Она повернулась к нему спиной и ждала, пока он заберется в постель. Возле кровати стояла небольшая керамическая печка, которую кто-то из семейства Малатеста привез в Санта-Витторию из заморских краев, когда в доме еще водились деньги. Дров не было, но Катерина бросила в печку ручку от метлы, и комната немного обогрелась, и в ней заиграли отблески яркого пламени. Катерина отыскала бутылку анисовой водки, и от вина им стало еще теплее, но его не хватило, чтобы разогнать усталость, а Туфе хотелось поговорить с Катериной.

— Пойду возьму в долг бутылочку, — сказала она.

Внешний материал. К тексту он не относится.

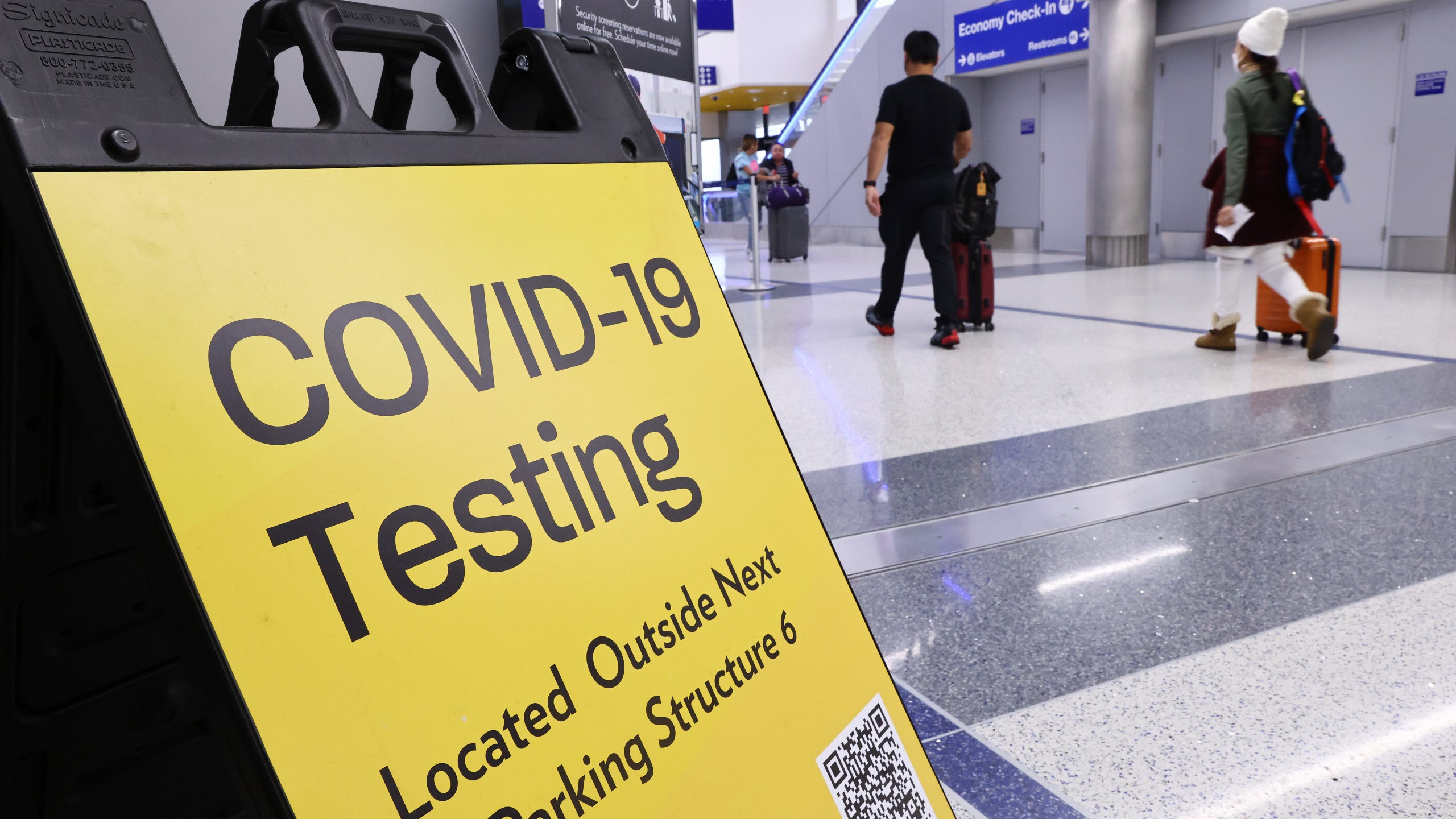 A sign promotes a COVID-19 testing location located inside the Tom Bradley International Terminal at Los Angeles International Airport (LAX) on Dec. 1, 2021 in Los Angeles, California. (Mario Tama/Getty Images)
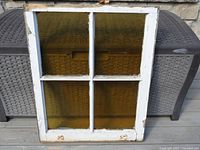 Front view of stained glass window showing four yellow panes and white wooden frame
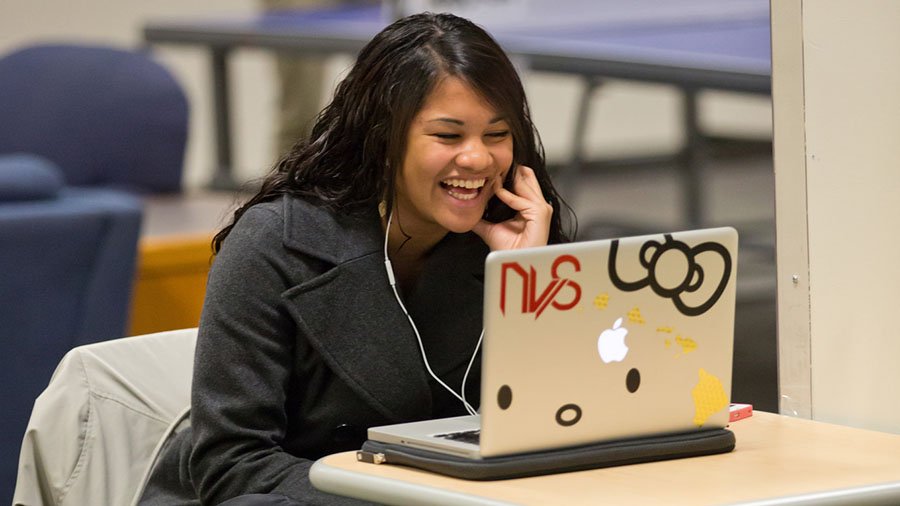 A female student works on her computer in a open space.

Когда Катерина вернулась, Туфа спал, но тотчас проснулся, лишь только она появилась в дверях. Она принесла бутылку хорошего вермута и, откупорив ее, протянула ему.

— Бутылка совсем мокрая, — сказал Туфа. — Ого! Ты спускалась на площадь? — Он покачал головой. — Они бы повесили тебя вверх ногами на фонтане, если бы накрыли за этим делом.

То что рассказал ей Туфа, не такая уж необычная история у нас здесь, в Италии, хотя, вероятно, Туфа говорил об этом с особенной горечью, потому что он был гордый более гордый, чем другие. А в общем-то, таких историй много, только обстоятельства бывают разные, и разные места, и разные люди.

Туфа был добрым солдатом и добрым итальянцем. Он хотел быть храбрым, но при этом остаться самим собой и не запятнать своего доброго имени. Не так уж много просил он у своего государства: он хотел, чтобы ему было дозволено служить своей отчизне и при этом жить и умереть, как подобает мужчине. Однако именно этого ему и не могли позволить. Но только Туфа никак не хотел поначалу этого признать. Он лгал самому себе, когда думал о поражениях в Албании и о греческой трагедии. Он все еще старался воодушевлять своих людей, посылая их на смерть ради достижения цели, в которую они не верили, потому что он все еще никак не мог признаться самому себе в том, что это цель недостойная. Он показывал пример, и еще не достигшие зрелости юноши вставали и шли в бой и получали увечья или умирали. И вот однажды ночью в Северной Африке, неподалеку от Бенгази, кто-то из его людей, из его собственных солдат, выстрелил ему в спину.